Medscape:  What do you say to clinicians who are dismissive of the notion that chronic pain may stem from emotional repression, and that addressing the latter can resolve the former — particularly those who point to a lack of peer-reviewed data for such a link?

Rashbaum: I would tell them they could be looking harder for that evidence. For example, in a patient page from JAMA from April 24, 2013, on low back pain, often the cause of back pain is unknown. There are data in spine surgical journals that patients with psychological issues do worse with spine surgery. And in 2016 JAMA published a study from Cherkin et al which found that among adults with chronic low back pain, treatment with mindfulness-based stress reduction or cognitive behavioral therapy resulted in greater improvement in back pain and functional limitations at 26 weeks compared with usual care.
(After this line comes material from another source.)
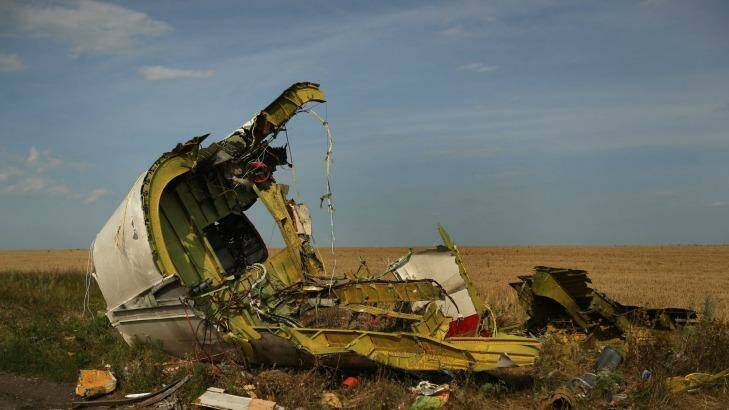 The rear fuselage of flight MH17 at the crash site in the fields outside the village of Grabovka in the self proclaimed Donetsk Republic, Ukraine. Photo: Kate Geraghty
My feeling is that these psychosocial interventions are easy to try, relatively inexpensive, noninvasive, and, in my experience, often can lead to marked improvements. I believe that, for the vast majority of people with chronic pain, it makes much more sense to start by addressing mind-body issues than turning to that approach as a last resort.

Rashbaum reports no relevant financial relationships.